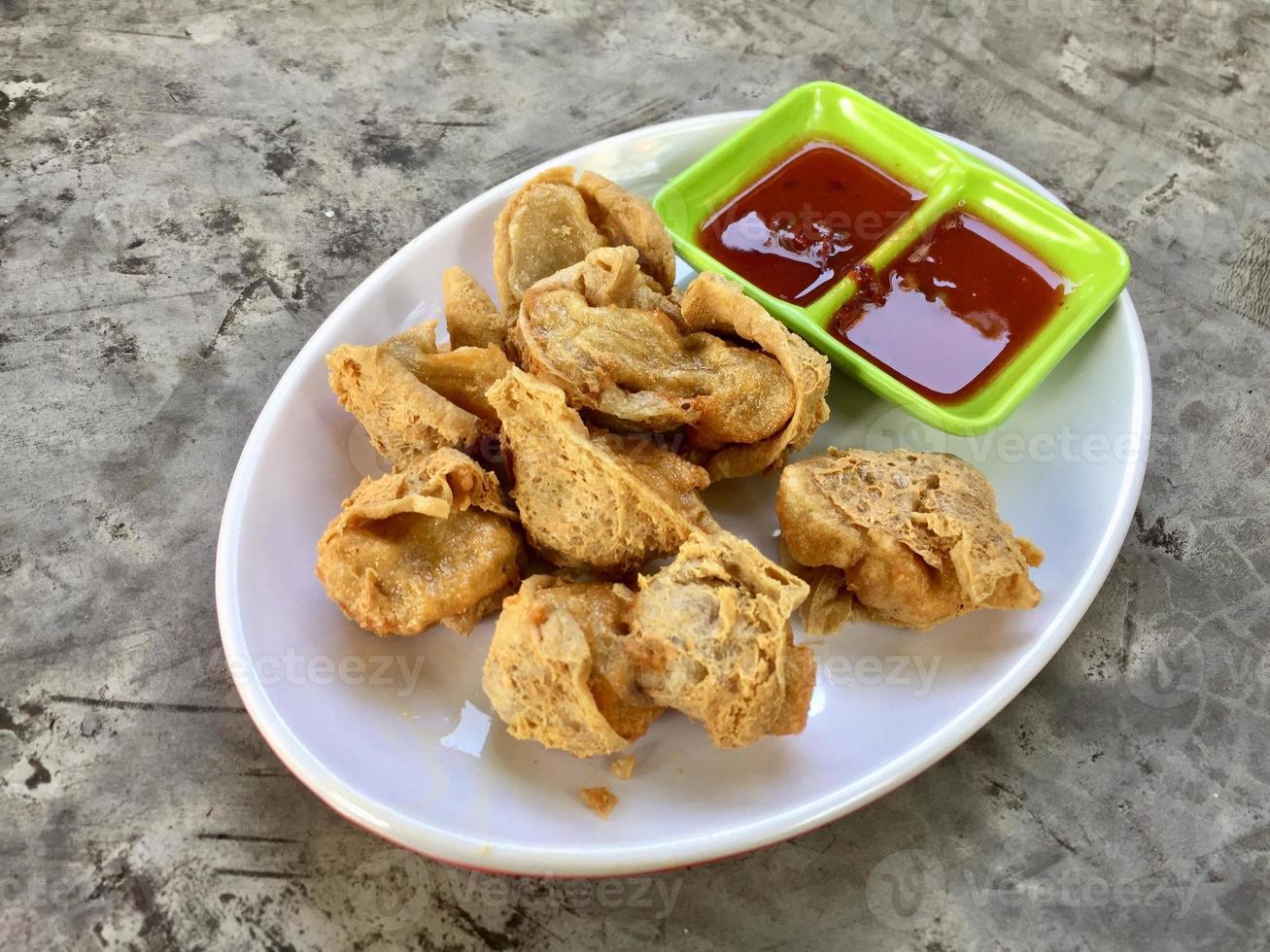 A plate of fried dumplings with sauces and a green plate with the word fried on it. photo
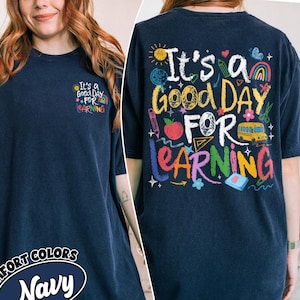May include: A navy blue short-sleeve t-shirt featuring a small graphic on the front left chest and a large graphic on the back. Both graphics display the text "It's a GOOD DAY FOR LEARNING" surrounded by colorful school-themed icons like a bus, apple, and rainbow.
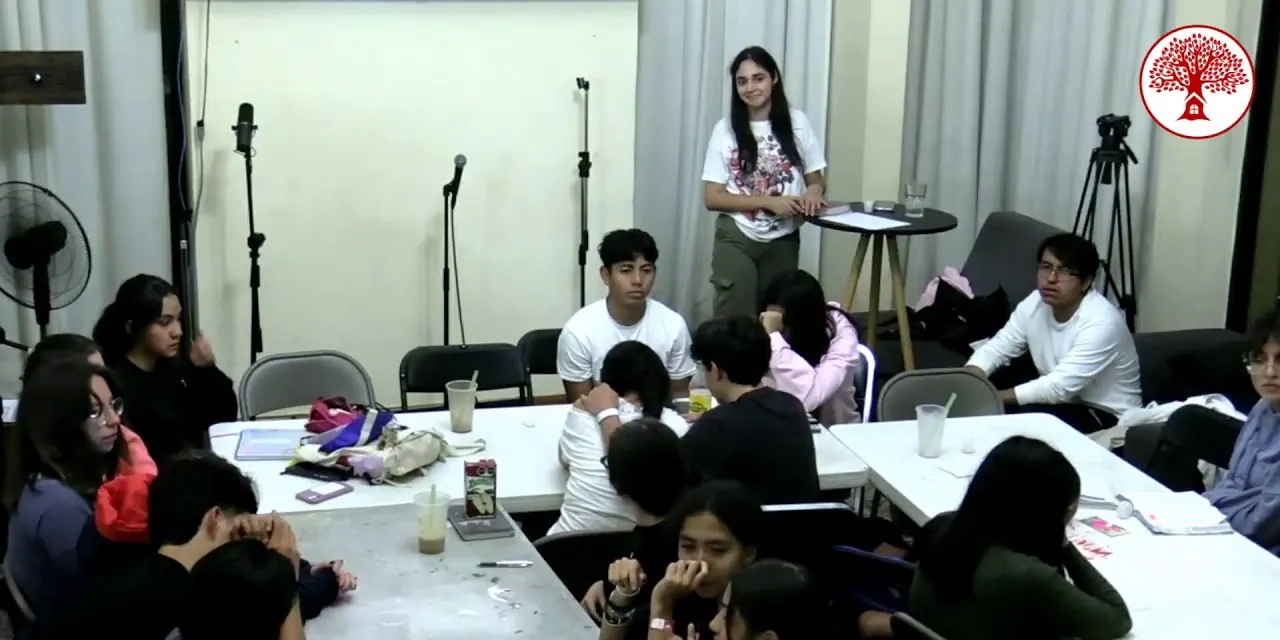 Jóvenes reunidos alrededor de mesas en una actividad en grupos durante REBORN Camp 2025.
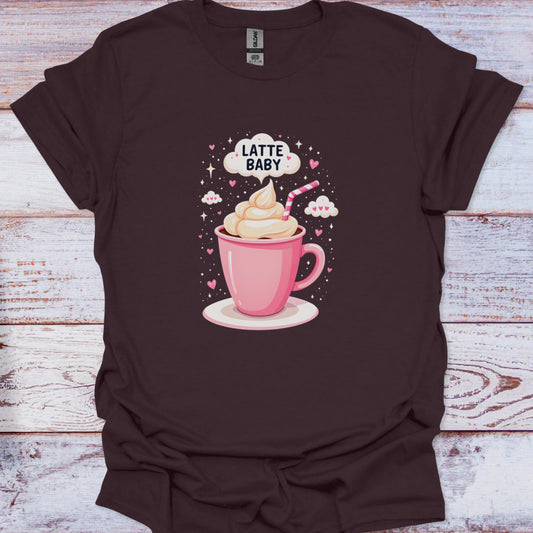 Brown t-shirt with a graphic of a pink cup of latte and 'Latte Baby' text on a wooden surface.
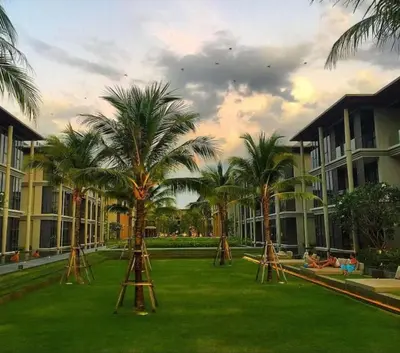 a lawn with palm trees in front of buildings at Baan mai khao apartment in Mai Khao Beach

Task brief: Copy the listing verbatim, omitting images.

Output:
 A plate of fried dumplings with sauces and a green plate with the word fried on it. photo
May include: A navy blue short-sleeve t-shirt featuring a small graphic on the front left chest and a large graphic on the back. Both graphics display the text "It's a GOOD DAY FOR LEARNING" surrounded by colorful school-themed icons like a bus, apple, and rainbow.
 Jóvenes reunidos alrededor de mesas en una actividad en grupos durante REBORN Camp 2025.
 Brown t-shirt with a graphic of a pink cup of latte and 'Latte Baby' text on a wooden surface.
 a lawn with palm trees in front of buildings at Baan mai khao apartment in Mai Khao Beach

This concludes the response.